YOUR INSTRUCTIONS:
Scan the records below for the word "Grey" and give only the number of lines that hold it.
──────
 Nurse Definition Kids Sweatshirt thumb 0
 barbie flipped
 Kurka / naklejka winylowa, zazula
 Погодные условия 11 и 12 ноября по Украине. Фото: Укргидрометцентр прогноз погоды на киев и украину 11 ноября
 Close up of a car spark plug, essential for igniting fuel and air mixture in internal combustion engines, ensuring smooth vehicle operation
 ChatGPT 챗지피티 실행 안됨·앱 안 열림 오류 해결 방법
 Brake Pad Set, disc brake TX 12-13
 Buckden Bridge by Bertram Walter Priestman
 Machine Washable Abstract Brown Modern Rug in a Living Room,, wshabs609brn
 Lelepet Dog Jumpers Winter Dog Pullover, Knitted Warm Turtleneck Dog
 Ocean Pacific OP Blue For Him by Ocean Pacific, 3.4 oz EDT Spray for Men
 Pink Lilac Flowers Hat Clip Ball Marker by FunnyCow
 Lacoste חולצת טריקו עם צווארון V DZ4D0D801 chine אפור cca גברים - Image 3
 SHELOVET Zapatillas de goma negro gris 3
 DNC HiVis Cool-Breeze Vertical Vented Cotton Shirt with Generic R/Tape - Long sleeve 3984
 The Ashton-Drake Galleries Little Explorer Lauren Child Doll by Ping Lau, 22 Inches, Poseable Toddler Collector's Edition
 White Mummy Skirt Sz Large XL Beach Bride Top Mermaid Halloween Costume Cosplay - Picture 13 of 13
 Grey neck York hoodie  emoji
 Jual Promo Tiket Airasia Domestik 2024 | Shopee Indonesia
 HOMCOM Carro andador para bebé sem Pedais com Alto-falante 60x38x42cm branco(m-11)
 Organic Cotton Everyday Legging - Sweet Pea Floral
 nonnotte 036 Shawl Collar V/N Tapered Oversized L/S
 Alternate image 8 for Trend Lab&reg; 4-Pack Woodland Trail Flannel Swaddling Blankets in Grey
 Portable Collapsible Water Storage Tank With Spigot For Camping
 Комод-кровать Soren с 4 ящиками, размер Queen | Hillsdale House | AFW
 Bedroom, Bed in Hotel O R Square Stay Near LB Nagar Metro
──────
TASK RESULT:
2